まず現在の日本国憲法下の統治機構ですが、行政権は内閣が持っています。首相には強い権限があり、国務大臣の任命や、罷免ができます。これを小学1年のクラスに例えると、以下のようになります。

日本国憲法 


【日本国憲法】小学生のクラス(内閣)の教師(首相)は、生徒(財務省などの国務大臣)に対し、全ての教科や学校生活全般を管理する権限を持つ。 

小学1年なので学級委員は存在しないため、 教師(首相)が保健係や給食係などを、直接生徒に割り当てる。(国務大臣の任命・罷免)

 

 行政権はクラス(内閣)に例えると、必要に応じて運動会に参加したり、校庭の草むしりを行ったりすること。(社会福祉、道路整備などの行政を行う)

 

 

対して戦前の総理大臣は、陸軍相、外務相などの国務大臣と同等の地位にあり、各国務大臣の単なるまとめ役でしかありませんでした。

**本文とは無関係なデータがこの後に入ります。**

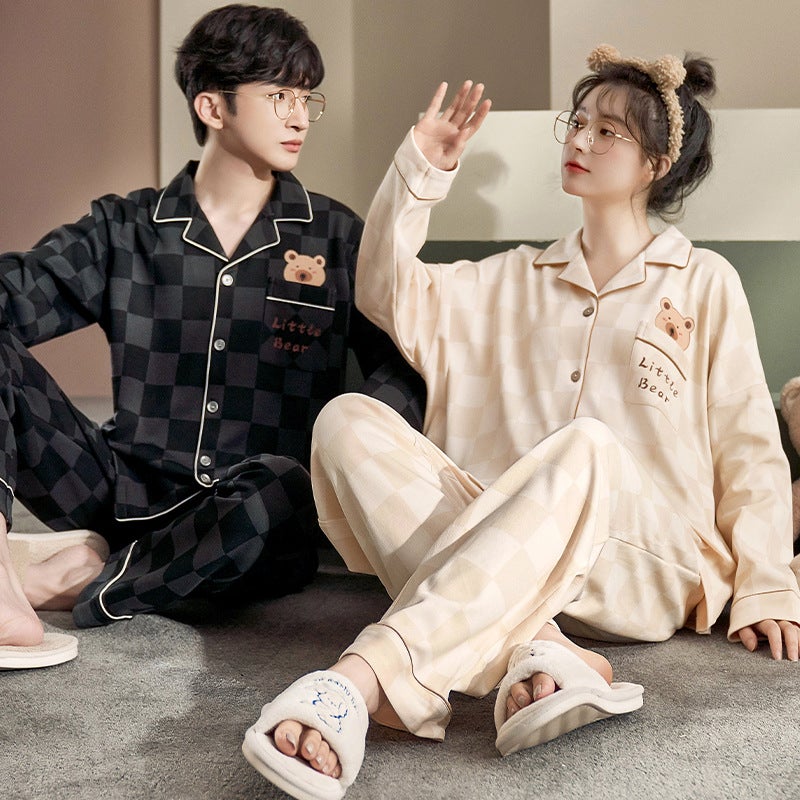 A Man And A Woman Long Sleeve Pajamas Couple Cardigan Imitation Cotton Cartoon Home Clothes Suit - Image 2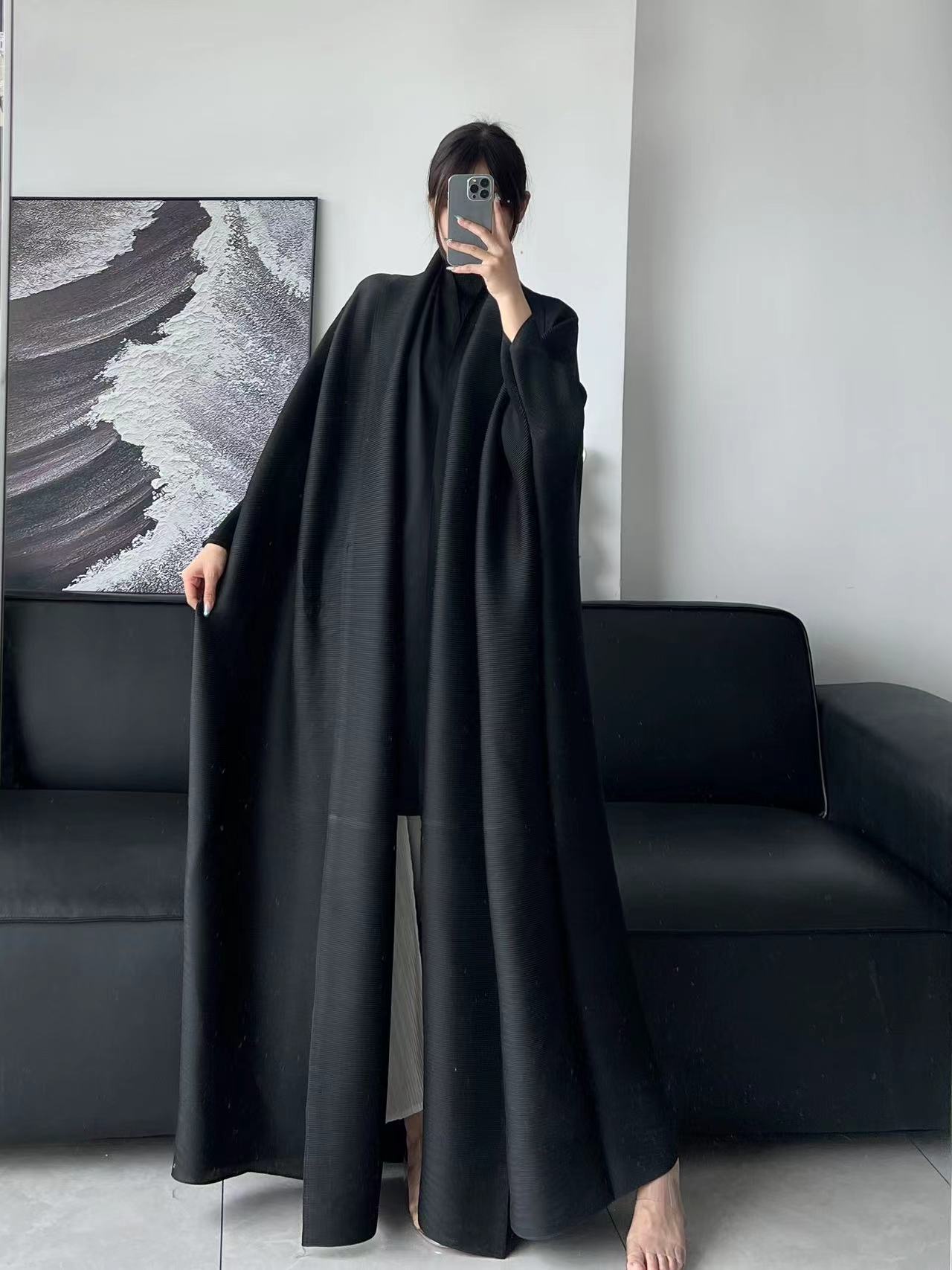 Pleated Print Fashionable All-match Lace-up Loose Arabian Abaya Robe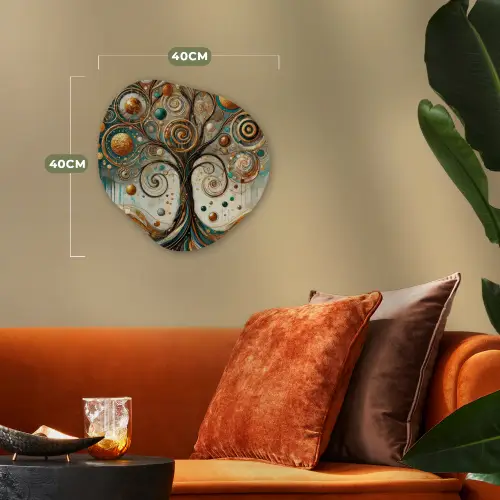 Levensboom - Boom - Abstract - Modern Wandcirkel Organisch Forex 3mm klein -sfeer3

戦前の首相は現在の日本政府でいうと、内閣官房長官程度の権限しかなかったと言われます。

 

また明治憲法下では天皇が行政権を持ち、内閣は単なる天皇の補佐的組織にとどまっていました。これを高校のクラスで例えると、以下の通りです。

大日本帝国憲法 


【大日本帝国憲法】生徒全員を内閣に例えると、学級委員長(首相)は他の生徒(国務大臣)と同等の地位にあり、単なるまとめ役に過ぎない。

 教室では担任教師(天皇)が色々な行事を行う権限(行政権)を握っているが、高校生のため自主性が重視され、小学校ほど教師(天皇)も生徒たち(内閣)に口出しはしない。

 

 

 このように首相(学級委員長)の権限は大変弱かったため、秘密主義の陸軍・海軍(生徒たち)から必要に応じて情報(通信簿)を出させ、それを共有することができなかったわけです。自分の通信簿なんて成績が悪ければ悪いほど、同級生に見せたくなくなりますよね。

 

従って近衛元首相や鈴木内閣のように、いざ戦況のフタを開けたら大変なことが起こっていたという、驚くべき状況に置かれていたのでした。